▶ **Problem**
Each record below is to be output unchanged, and any picture is to be dropped.

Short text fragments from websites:
○ ○ ○

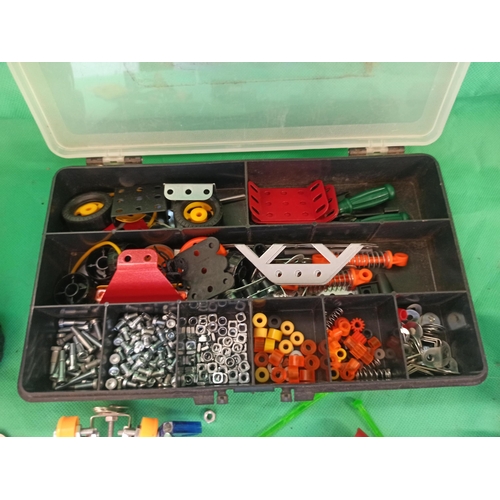 830 - Assorted Meccano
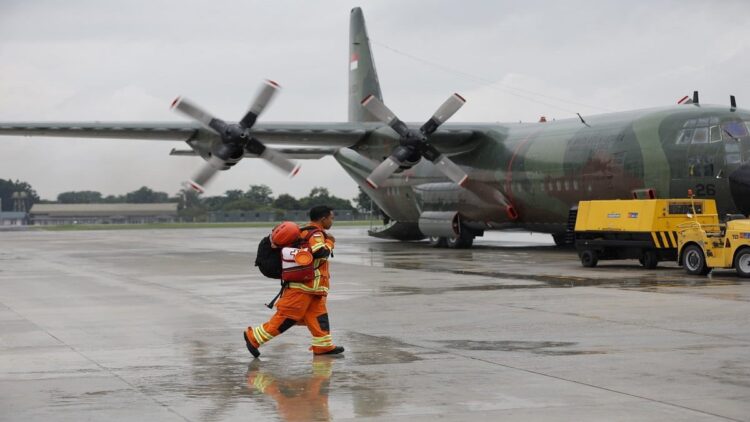 Seorang personel Basarnas tampak menuju pesawat Hercules yang hendak bertolak melakukan misi kemanusiaan di Turki. (Foto: Dok. Basarnas)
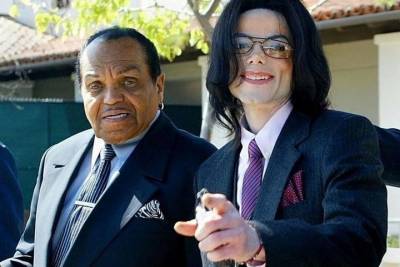 На аукционе продали зубные протезы отца Майкла Джексона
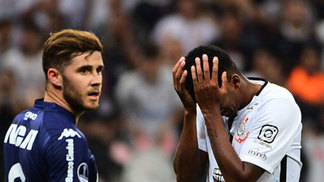 Corinthians já foi campeão brasileiro em ano de queda diante do Racing Jô analisou o empate do Corinthians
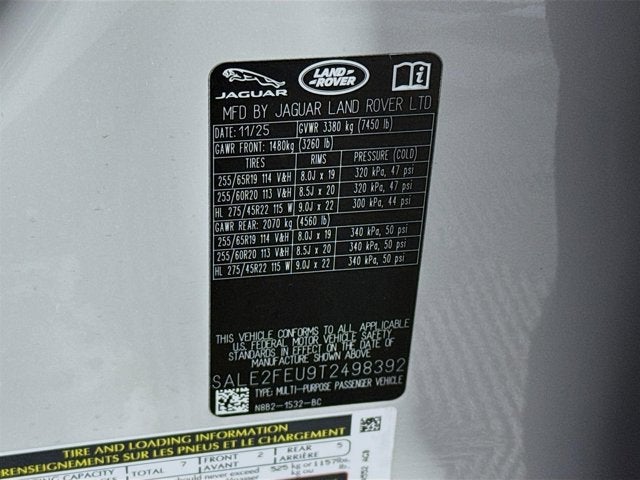 2026 Land Rover Defender 130 X-Dynamic SE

○ ○ ○

▶ **Result of the task**
 830 - Assorted Meccano
 Seorang personel Basarnas tampak menuju pesawat Hercules yang hendak bertolak melakukan misi kemanusiaan di Turki. (Foto: Dok. Basarnas)
 На аукционе продали зубные протезы отца Майкла Джексона
 Corinthians já foi campeão brasileiro em ano de queda diante do Racing Jô analisou o empate do Corinthians
 2026 Land Rover Defender 130 X-Dynamic SE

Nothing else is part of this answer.